My husband and I got married really young. Too young. I hadn’t even graduated from high school yet. We eloped and then didn’t tell anyone we were married until four years later! We had no clue what we had just jumped in to. Our family and friends were shocked and hurt when we finally told them. Hurting them is one of my biggest regrets.
When I think of walking through a valley, I think of my marriage. My marriage has been one of the hardest journeys of my life. When we first got married, I thought we would stay on that mountaintop for the most part. I knew we would argue and have problems sometimes, but then we would get right back up on that mountaintop. It hasn’t gone that way. Most of my marriage has been spent in the valleys. We are very different people in just about every way, and we both went into the relationship with a lot of brokenness. We have had to work really hard at our relationship, and ourselves. No other journey has challenged me and stretched me as much as my marriage has. No other journey has brought more tears, heartache, and struggle. We have often brought out the worst in each other. We have made many, many mistakes and at times, I thought our marriage might not make it. I’ve felt so hopeless that things will not change.
God often reminds me in those moments of how far we have come. He shows me the growth that’s happening, the blessings all around me, and what a gift my marriage truly is. I am thankful, because my marriage journey has deepened my relationship with God more than anything else. I have found that my hardest struggles end up being what brings me closest to God. My deepest valleys have produced the most growth. God is just as much in the valleys of life as he is on the mountaintops. His word promises that He will never leave us or forsake us. (Deut. 31:6). He sees, hears, and knows us. He pours out His blessings and grace in the valleys. God has blessed us with four beautiful children. This year my husband and I will celebrate nineteen years of marriage!
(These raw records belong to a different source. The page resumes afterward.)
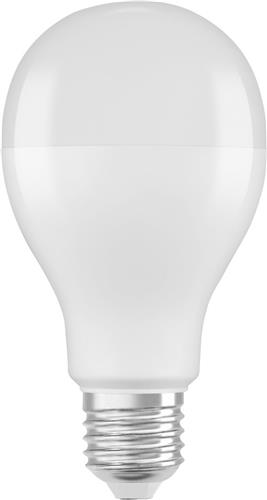 Ledvance Classic LED E27 Peer Mat 20W 2452lm - 827 Zeer Warm Wit | Dimbaar - Vervangt 150W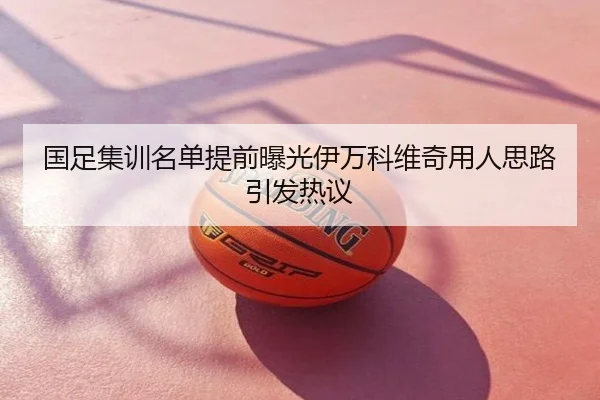 国足集训名单提前曝光伊万科维奇用人思路引发热议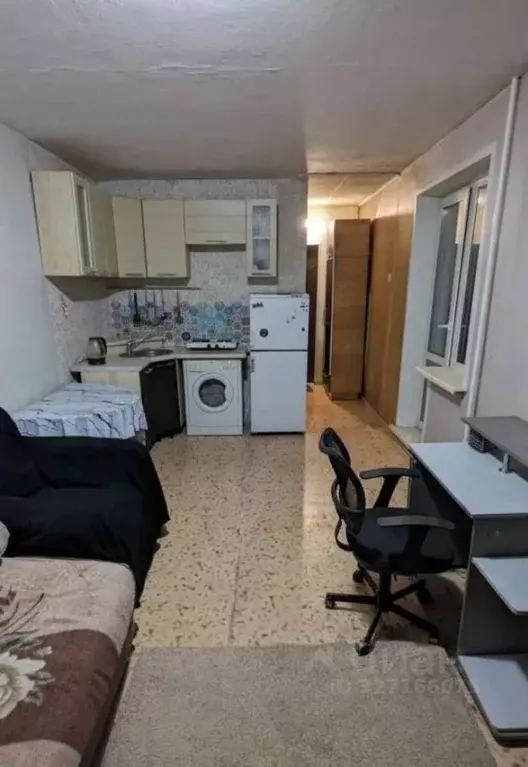 Студия Кемеровская область, Кемерово ул. Ворошилова, 40 (23.0 м) - Фото 2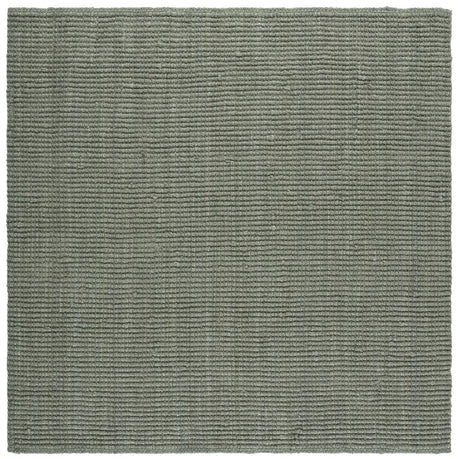 Safavieh Natural Fiber 7'-0" x 7'-0" Rug in Green / Grey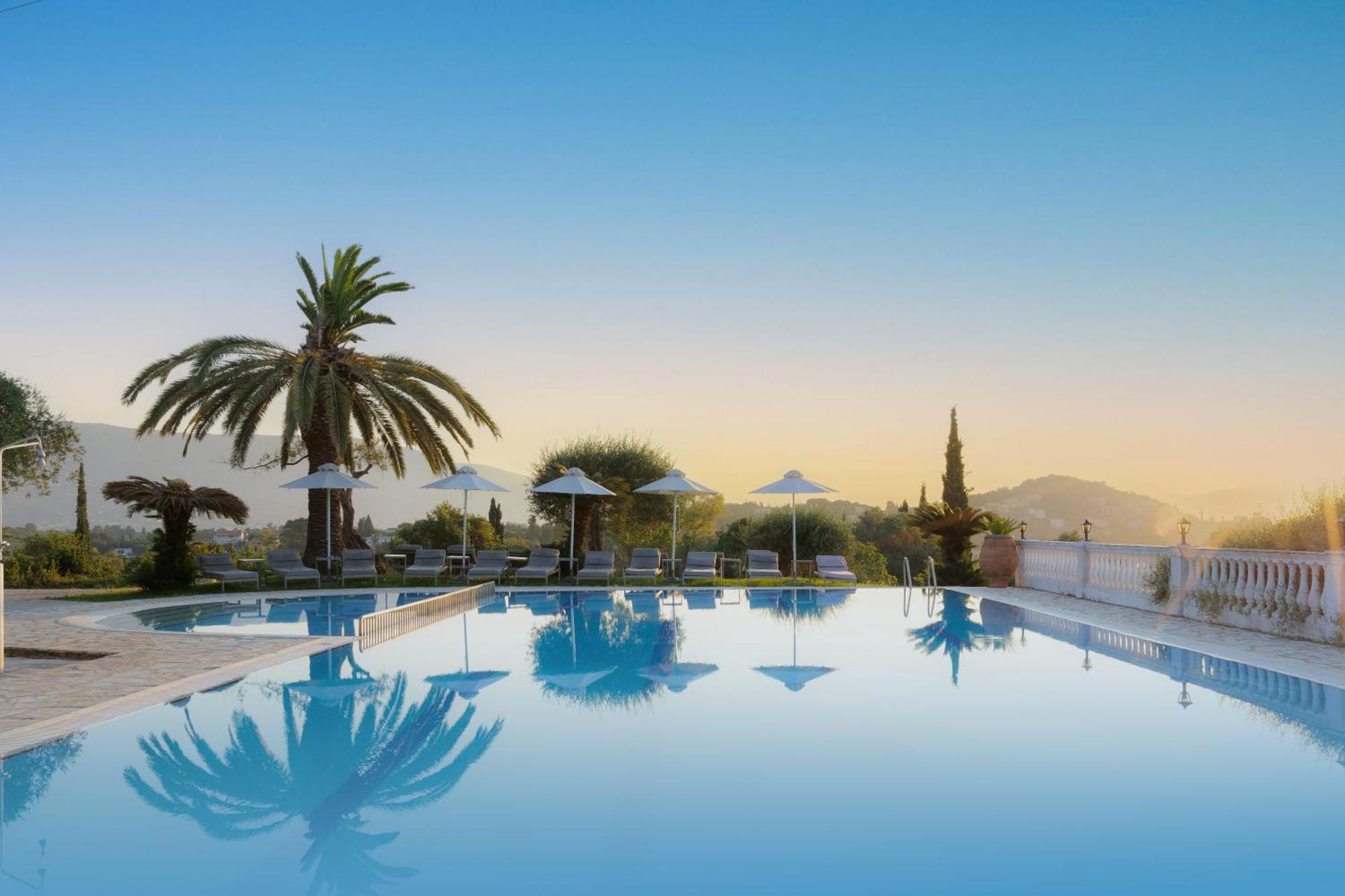 Paradise Hotel Corfu Gouvia Exterior photo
I am walking through a valley in my marriage right now. Writing this has been difficult for me. I’ve been leaning on some trusted friends who have been faithfully praying for us and we have been seeking help. Some places in the valley are deeper and darker than others. In those places especially I need reminding of what God has already done and how far we have come. Sometimes I need the help of others to see the beauty in the valley. For me the beauty in the valley is in the blessings along the journey, and the growth that it produces. I’ve learned that God really is with us through all the ups and downs of life. Every valley my husband and I have walked through has made us stronger and has deepened our love for one another. We learn more about each other, and ourselves. My marriage has been a mirror for me to recognize the things I need to change, and the things that God is refining in me. Growth is rarely easy, but always beautiful.
Abba, all things are possible for You. You are a loving, caring Father, and You are always with me. I pray for more revelation of Your love and Your goodness. Make me more aware of Your presence in every season of my life. When I walk through the valleys of life, I pray Your perfect love would cast out every fear. Open my eyes to see Your blessings and the beauty all around me, even in the darkest places. Thank you, Lord, that You are continually at work in my life and Your plans for me are always good. Remind me of how far I have come and encourage me. Help me to keep walking and to keep trusting You. Your love never fails.
In Jesus’ name
“How Sweet the Sound” by Citizen Way.
I pray the words in this song minister and encourage your heart as much as they have in mine. Thank you Citizen Way for writing this song!